Source of Contracts and Disclosures
A real estate agent can be a source of contracts, disclosures, and other technical items that a buyer and seller may not be familiar with, nor have access to, without incurring the added expense of hiring an attorney.
If a buyer or seller hire a real estate agent to help them with the purchase or sale of their home, they will probably also receive expertise regarding real estate contracts, disclosures, and other technical details that will help save time and reduce mistakes.
In California, real estate contracts are generally provided by the California Association of Realtors (CAR) and are considered by many real estate brokers to be some of the best real estate contracts in existence. I have talked to several international real estate license law officials over the years and they are always interested in discovering how California is doing things in the U.S. and then carry this information back to their respective countries for implementation.
On the same note, many states located throughout the U.S. look to California to see what they are doing, and then carry that information back to their own respective states. This is especially true for contracts and disclosures. In addition, much of California’s common law (court cases) is used by the rest of the U.S. as case precedents for the formation of their own real estate laws.
The same group of attorneys at CAR who provide the real estate contracts, also usually develop the disclosures that are used throughout California. Both contracts and disclosures are many times provided by the real estate agent as part of their services to the client.
Agents are usually paid between 5% and 6% of the purchase price. The entire commission is usually paid by the seller. The seller’s agent is usually willing to cooperate with a buyer’s agent in the sale of the home. For example, if a buyer hires a buyer’s agent to represent them in the purchase of a home, their agent will generally receive between 2.5% and 3% of the purchase price as a real estate commission. The seller’s agent usually receives the other 2.5% to 3% of the purchase price as a commission.
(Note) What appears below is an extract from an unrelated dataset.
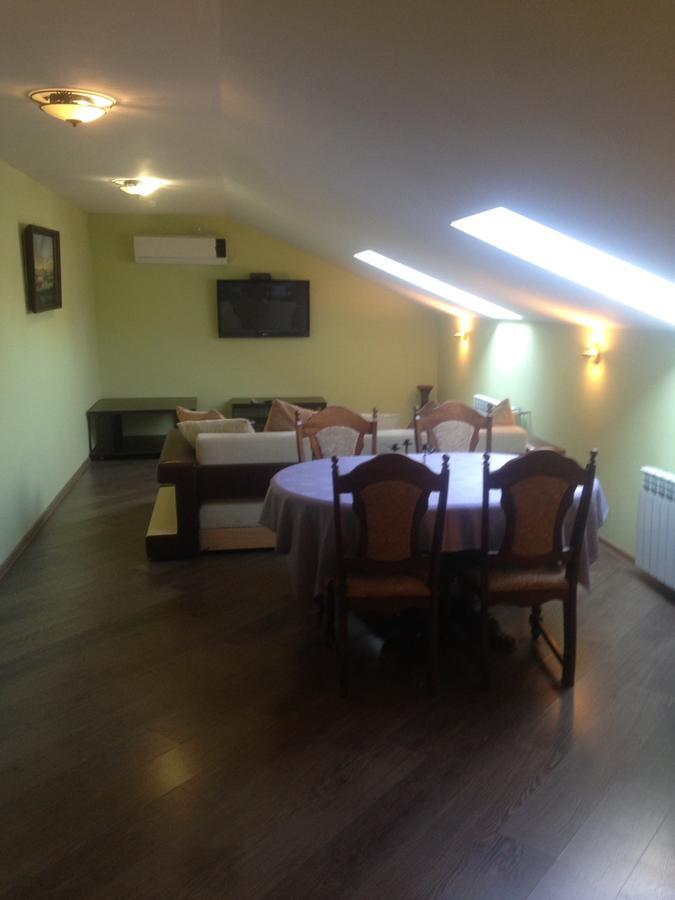 Usadba Kurkulya Hotel Mogilev Esterno foto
The good news is that the client receives the benefits of an agent representing them with the purchase of the home, without having to directly pay for it.
Of course, the seller may be afraid he will net less money by using an agent and paying a commission, than he would by selling the property himself. However, this may not be true. With a real estate agent’s considerable marketing power, the seller may be able to actually net more money using an agent than if he had sold the property himself. An agent may have been able to obtain a higher purchase price than the seller could have obtained selling the property himself.
I am a real estate broker licensed in California; however, when I decided to sell a second home that was located in California and only two hours from where I live, I decided to hire a local real estate agent to sell it for me. I could have sold the home myself and saved the cost of a commission; however, a local agent who specialized in that specific market was a better choice. With her local marketing power she was able to net for me approximately $15,000 more for the property than I would have received had I sold it myself. And that was AFTER I paid her a 6% commission to sell the property!
An agent specializing in a particular geographic market has a greater advantage over an agent who is scattered and does not specialize in a local market. Many agents take whatever deals come their way and do not offer any specialization or expertise in any particular geographic market. For this reason, they may not be able to obtain the highest possible price for the property during the shortest possible marketing time.